The police service is facing critical pressures, according to the leader of the Police Federation of Northern Ireland.

Chair, Liam Kelly, said: “I understand that communities that are affected will view this decision with dismay and disappointment. That said, severe cuts in service levels are the outworking for an organisation that faces a deficit of £130m.

“Something has to give if core policing services are to be maintained with the diminishing resources that are available. This is the inevitable consequence of budget pressures, but it will fall far short of what’s required if the Service is to attempt to balance the books.”

When officials were making decisions by order of Westminster, health was the only service that was given priority for spending. But even so, today the projections are grim.

Local activists complain of eight-year waiting lists and seven hour waits for ambulances.

The Healthcare Financial Management Association said: “Northern Ireland Department of Health's budget allocation for 2024-25 represents a 2.3% reduction in funding compared to expenditure in 2023-24. The Department had estimated it needed an extra £1bn on top of last year’s opening budget, after allowing for £200m of savings and anticipated additional income.”

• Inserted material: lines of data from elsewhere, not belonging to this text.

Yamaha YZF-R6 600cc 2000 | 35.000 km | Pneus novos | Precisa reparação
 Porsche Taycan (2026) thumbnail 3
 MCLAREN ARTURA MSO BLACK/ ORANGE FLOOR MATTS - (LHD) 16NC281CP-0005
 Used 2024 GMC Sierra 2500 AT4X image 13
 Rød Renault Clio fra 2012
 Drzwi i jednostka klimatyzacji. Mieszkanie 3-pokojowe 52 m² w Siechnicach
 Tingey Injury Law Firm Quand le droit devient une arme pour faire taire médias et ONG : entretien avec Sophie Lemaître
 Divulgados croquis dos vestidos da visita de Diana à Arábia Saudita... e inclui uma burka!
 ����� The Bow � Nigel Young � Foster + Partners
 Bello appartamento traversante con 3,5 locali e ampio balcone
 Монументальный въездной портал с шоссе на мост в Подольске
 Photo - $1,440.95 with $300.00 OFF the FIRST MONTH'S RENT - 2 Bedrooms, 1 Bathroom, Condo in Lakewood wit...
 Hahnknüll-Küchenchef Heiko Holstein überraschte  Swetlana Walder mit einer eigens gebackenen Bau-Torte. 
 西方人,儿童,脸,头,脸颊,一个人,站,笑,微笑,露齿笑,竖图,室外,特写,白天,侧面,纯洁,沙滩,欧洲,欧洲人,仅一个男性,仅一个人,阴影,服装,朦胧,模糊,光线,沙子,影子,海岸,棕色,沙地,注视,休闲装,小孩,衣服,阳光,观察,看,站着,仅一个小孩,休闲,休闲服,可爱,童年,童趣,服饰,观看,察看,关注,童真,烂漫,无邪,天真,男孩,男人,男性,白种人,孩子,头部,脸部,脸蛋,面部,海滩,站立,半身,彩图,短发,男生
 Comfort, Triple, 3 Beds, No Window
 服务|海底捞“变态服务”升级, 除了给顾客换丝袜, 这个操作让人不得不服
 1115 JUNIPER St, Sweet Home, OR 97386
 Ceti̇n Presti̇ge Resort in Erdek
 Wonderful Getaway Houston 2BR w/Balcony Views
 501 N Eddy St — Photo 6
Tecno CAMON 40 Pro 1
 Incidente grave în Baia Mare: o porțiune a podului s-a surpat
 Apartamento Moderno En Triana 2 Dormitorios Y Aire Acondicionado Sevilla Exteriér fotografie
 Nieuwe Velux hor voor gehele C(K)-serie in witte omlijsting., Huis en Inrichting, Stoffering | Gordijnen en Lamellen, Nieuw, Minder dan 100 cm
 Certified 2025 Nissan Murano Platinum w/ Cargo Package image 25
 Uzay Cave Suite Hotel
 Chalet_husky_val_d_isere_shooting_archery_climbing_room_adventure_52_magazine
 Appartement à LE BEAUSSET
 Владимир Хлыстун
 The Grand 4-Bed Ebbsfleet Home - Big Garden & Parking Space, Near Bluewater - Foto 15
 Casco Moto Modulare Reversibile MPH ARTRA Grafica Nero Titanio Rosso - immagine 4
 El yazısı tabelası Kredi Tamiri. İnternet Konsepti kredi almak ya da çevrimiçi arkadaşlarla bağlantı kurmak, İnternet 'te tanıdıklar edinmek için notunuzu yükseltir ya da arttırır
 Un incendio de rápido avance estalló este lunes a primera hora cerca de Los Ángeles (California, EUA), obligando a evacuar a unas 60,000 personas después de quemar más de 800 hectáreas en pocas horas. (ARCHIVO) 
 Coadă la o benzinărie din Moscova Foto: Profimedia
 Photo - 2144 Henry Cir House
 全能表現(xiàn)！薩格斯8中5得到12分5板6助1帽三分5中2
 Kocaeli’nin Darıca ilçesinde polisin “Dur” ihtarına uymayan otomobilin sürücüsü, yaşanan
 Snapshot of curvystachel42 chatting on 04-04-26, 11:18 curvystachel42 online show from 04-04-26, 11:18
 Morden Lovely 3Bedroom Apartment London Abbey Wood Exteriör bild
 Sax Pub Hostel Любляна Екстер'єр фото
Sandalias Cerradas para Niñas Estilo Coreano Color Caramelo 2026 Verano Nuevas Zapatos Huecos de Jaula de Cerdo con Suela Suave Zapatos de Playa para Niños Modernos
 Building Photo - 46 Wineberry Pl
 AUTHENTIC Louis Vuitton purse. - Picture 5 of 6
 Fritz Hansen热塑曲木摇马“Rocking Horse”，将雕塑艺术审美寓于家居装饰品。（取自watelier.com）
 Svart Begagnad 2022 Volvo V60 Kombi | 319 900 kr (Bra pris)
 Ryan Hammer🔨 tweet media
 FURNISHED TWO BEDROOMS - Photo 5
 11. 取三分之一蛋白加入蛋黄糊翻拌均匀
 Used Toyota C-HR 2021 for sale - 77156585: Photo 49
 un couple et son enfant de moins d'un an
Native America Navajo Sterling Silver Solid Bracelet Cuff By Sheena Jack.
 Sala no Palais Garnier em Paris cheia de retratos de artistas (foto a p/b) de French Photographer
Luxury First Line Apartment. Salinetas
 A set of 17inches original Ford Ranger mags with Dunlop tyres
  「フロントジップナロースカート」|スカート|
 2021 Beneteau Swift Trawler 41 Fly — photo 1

And in education budgets, there are also problems. At the end of last year, the Independent Review of Education in Northern Ireland forecast a gap of £155m to get level with England and Wales plus a further gap of £136m to cover SEND demand which is higher than most of the UK.

So what’s likely to change?

There are 136 candidates standing for the 18 seats. Two seats representing Belfast and the Lagan Valley previously held by former DUP leader Jeffrey Donaldson are where observers are watching the closest.

Adding to the interest is that some parties have agreed not to stand in specific seats and tactical voting is strong.

Conor Murphy, Sinn Féin’s director of elections, is on record calling for voters to back “progressive parties who will reject Tory cuts and Tory pacts”.

Unionist leaders have said they want to work better together – a recognition that they are under electoral pressure and haven’t responded well to political scandals.

The DUP has pledged to support 20,000 jobs in the next five years, fix the NHS and remove the Northern Ireland protocol.

Ulster Unionist Party wants to make Northern Ireland work by developing infrastructure and housing.

The SDLP has pledged to hold both Stormont and Westminster to account, particularly over funding decisions.

The Alliance party has pledged to push for better childcare. A key figure for the party is Naomi Long who has served as justice minister.

Sinn Féin has made housing its big campaign concern.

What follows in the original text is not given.